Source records

====================

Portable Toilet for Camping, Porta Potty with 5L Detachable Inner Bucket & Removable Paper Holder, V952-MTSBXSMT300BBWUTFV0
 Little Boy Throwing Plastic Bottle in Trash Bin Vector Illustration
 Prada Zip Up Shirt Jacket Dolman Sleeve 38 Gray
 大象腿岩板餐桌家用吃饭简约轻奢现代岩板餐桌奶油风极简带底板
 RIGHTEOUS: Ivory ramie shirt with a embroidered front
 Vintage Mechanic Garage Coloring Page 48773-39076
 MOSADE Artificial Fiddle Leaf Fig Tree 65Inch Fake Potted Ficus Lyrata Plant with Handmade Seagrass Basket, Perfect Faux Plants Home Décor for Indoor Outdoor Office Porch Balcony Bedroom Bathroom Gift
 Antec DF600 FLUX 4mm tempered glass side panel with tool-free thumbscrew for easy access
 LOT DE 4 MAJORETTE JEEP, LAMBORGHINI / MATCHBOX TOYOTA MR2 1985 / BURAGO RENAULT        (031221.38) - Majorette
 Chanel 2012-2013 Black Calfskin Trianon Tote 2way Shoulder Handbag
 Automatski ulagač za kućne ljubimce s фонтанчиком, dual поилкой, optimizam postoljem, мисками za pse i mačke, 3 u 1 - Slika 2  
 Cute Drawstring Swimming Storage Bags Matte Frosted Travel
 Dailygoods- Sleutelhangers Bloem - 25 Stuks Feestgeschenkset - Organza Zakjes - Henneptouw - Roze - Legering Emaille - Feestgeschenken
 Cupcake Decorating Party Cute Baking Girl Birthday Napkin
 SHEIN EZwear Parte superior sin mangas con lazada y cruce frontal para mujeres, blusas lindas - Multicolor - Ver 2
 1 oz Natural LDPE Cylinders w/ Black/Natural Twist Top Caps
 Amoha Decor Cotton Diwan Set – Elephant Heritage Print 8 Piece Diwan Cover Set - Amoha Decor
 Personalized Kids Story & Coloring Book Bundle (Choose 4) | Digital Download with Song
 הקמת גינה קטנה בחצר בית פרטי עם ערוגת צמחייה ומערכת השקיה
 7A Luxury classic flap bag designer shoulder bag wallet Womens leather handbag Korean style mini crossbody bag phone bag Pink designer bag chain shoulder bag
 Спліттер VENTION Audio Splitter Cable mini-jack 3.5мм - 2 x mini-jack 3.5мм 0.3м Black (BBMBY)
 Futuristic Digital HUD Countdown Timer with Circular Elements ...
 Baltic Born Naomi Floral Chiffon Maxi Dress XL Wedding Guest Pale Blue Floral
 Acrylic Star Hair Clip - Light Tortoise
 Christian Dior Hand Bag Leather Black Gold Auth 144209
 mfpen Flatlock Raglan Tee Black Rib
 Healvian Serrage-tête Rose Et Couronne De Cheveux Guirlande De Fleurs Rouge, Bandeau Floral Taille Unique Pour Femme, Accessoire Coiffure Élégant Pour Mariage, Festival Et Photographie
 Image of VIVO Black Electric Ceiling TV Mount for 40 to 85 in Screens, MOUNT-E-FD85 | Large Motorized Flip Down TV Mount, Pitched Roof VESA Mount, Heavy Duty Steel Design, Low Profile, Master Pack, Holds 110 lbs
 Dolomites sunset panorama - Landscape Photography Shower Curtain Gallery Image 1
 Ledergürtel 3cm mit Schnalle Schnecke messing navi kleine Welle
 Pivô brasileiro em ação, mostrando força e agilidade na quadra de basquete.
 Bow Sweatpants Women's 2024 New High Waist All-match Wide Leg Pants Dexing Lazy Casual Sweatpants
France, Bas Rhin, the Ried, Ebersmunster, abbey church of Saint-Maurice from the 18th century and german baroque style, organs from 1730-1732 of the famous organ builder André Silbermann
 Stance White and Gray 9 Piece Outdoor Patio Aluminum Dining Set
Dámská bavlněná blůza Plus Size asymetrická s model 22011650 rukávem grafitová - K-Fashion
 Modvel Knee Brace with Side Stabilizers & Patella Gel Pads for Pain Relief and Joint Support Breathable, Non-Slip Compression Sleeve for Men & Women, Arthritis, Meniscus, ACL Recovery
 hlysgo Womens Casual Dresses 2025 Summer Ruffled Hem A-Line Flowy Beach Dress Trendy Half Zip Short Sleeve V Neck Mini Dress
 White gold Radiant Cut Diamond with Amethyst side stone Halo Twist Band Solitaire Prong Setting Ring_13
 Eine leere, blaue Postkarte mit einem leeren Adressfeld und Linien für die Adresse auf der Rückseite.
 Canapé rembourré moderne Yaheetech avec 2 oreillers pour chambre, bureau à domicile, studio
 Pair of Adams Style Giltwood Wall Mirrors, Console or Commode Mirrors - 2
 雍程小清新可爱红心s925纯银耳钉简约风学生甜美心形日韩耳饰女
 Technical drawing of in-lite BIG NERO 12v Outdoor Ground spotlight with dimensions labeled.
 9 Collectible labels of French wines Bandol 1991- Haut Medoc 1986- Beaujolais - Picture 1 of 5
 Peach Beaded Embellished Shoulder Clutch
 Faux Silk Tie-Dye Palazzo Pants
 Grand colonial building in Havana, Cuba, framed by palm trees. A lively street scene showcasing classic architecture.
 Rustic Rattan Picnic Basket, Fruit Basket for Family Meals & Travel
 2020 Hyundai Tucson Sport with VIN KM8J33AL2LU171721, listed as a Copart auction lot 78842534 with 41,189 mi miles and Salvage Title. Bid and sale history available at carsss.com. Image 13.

====================

Copy out all of the records verbatim.

## EXPECTED ANSWER
Portable Toilet for Camping, Porta Potty with 5L Detachable Inner Bucket & Removable Paper Holder, V952-MTSBXSMT300BBWUTFV0
 Little Boy Throwing Plastic Bottle in Trash Bin Vector Illustration
 Prada Zip Up Shirt Jacket Dolman Sleeve 38 Gray
 大象腿岩板餐桌家用吃饭简约轻奢现代岩板餐桌奶油风极简带底板
 RIGHTEOUS: Ivory ramie shirt with a embroidered front
 Vintage Mechanic Garage Coloring Page 48773-39076
 MOSADE Artificial Fiddle Leaf Fig Tree 65Inch Fake Potted Ficus Lyrata Plant with Handmade Seagrass Basket, Perfect Faux Plants Home Décor for Indoor Outdoor Office Porch Balcony Bedroom Bathroom Gift
 Antec DF600 FLUX 4mm tempered glass side panel with tool-free thumbscrew for easy access
 LOT DE 4 MAJORETTE JEEP, LAMBORGHINI / MATCHBOX TOYOTA MR2 1985 / BURAGO RENAULT        (031221.38) - Majorette
 Chanel 2012-2013 Black Calfskin Trianon Tote 2way Shoulder Handbag
 Automatski ulagač za kućne ljubimce s фонтанчиком, dual поилкой, optimizam postoljem, мисками za pse i mačke, 3 u 1 - Slika 2  
 Cute Drawstring Swimming Storage Bags Matte Frosted Travel
 Dailygoods- Sleutelhangers Bloem - 25 Stuks Feestgeschenkset - Organza Zakjes - Henneptouw - Roze - Legering Emaille - Feestgeschenken
 Cupcake Decorating Party Cute Baking Girl Birthday Napkin
 SHEIN EZwear Parte superior sin mangas con lazada y cruce frontal para mujeres, blusas lindas - Multicolor - Ver 2
 1 oz Natural LDPE Cylinders w/ Black/Natural Twist Top Caps
 Amoha Decor Cotton Diwan Set – Elephant Heritage Print 8 Piece Diwan Cover Set - Amoha Decor
 Personalized Kids Story & Coloring Book Bundle (Choose 4) | Digital Download with Song
 הקמת גינה קטנה בחצר בית פרטי עם ערוגת צמחייה ומערכת השקיה
 7A Luxury classic flap bag designer shoulder bag wallet Womens leather handbag Korean style mini crossbody bag phone bag Pink designer bag chain shoulder bag
 Спліттер VENTION Audio Splitter Cable mini-jack 3.5мм - 2 x mini-jack 3.5мм 0.3м Black (BBMBY)
 Futuristic Digital HUD Countdown Timer with Circular Elements ...
 Baltic Born Naomi Floral Chiffon Maxi Dress XL Wedding Guest Pale Blue Floral
 Acrylic Star Hair Clip - Light Tortoise
 Christian Dior Hand Bag Leather Black Gold Auth 144209
 mfpen Flatlock Raglan Tee Black Rib
 Healvian Serrage-tête Rose Et Couronne De Cheveux Guirlande De Fleurs Rouge, Bandeau Floral Taille Unique Pour Femme, Accessoire Coiffure Élégant Pour Mariage, Festival Et Photographie
 Image of VIVO Black Electric Ceiling TV Mount for 40 to 85 in Screens, MOUNT-E-FD85 | Large Motorized Flip Down TV Mount, Pitched Roof VESA Mount, Heavy Duty Steel Design, Low Profile, Master Pack, Holds 110 lbs
 Dolomites sunset panorama - Landscape Photography Shower Curtain Gallery Image 1
 Ledergürtel 3cm mit Schnalle Schnecke messing navi kleine Welle
 Pivô brasileiro em ação, mostrando força e agilidade na quadra de basquete.
 Bow Sweatpants Women's 2024 New High Waist All-match Wide Leg Pants Dexing Lazy Casual Sweatpants
France, Bas Rhin, the Ried, Ebersmunster, abbey church of Saint-Maurice from the 18th century and german baroque style, organs from 1730-1732 of the famous organ builder André Silbermann
 Stance White and Gray 9 Piece Outdoor Patio Aluminum Dining Set
Dámská bavlněná blůza Plus Size asymetrická s model 22011650 rukávem grafitová - K-Fashion
 Modvel Knee Brace with Side Stabilizers & Patella Gel Pads for Pain Relief and Joint Support Breathable, Non-Slip Compression Sleeve for Men & Women, Arthritis, Meniscus, ACL Recovery
 hlysgo Womens Casual Dresses 2025 Summer Ruffled Hem A-Line Flowy Beach Dress Trendy Half Zip Short Sleeve V Neck Mini Dress
 White gold Radiant Cut Diamond with Amethyst side stone Halo Twist Band Solitaire Prong Setting Ring_13
 Eine leere, blaue Postkarte mit einem leeren Adressfeld und Linien für die Adresse auf der Rückseite.
 Canapé rembourré moderne Yaheetech avec 2 oreillers pour chambre, bureau à domicile, studio
 Pair of Adams Style Giltwood Wall Mirrors, Console or Commode Mirrors - 2
 雍程小清新可爱红心s925纯银耳钉简约风学生甜美心形日韩耳饰女
 Technical drawing of in-lite BIG NERO 12v Outdoor Ground spotlight with dimensions labeled.
 9 Collectible labels of French wines Bandol 1991- Haut Medoc 1986- Beaujolais - Picture 1 of 5
 Peach Beaded Embellished Shoulder Clutch
 Faux Silk Tie-Dye Palazzo Pants
 Grand colonial building in Havana, Cuba, framed by palm trees. A lively street scene showcasing classic architecture.
 Rustic Rattan Picnic Basket, Fruit Basket for Family Meals & Travel
 2020 Hyundai Tucson Sport with VIN KM8J33AL2LU171721, listed as a Copart auction lot 78842534 with 41,189 mi miles and Salvage Title. Bid and sale history available at carsss.com. Image 13.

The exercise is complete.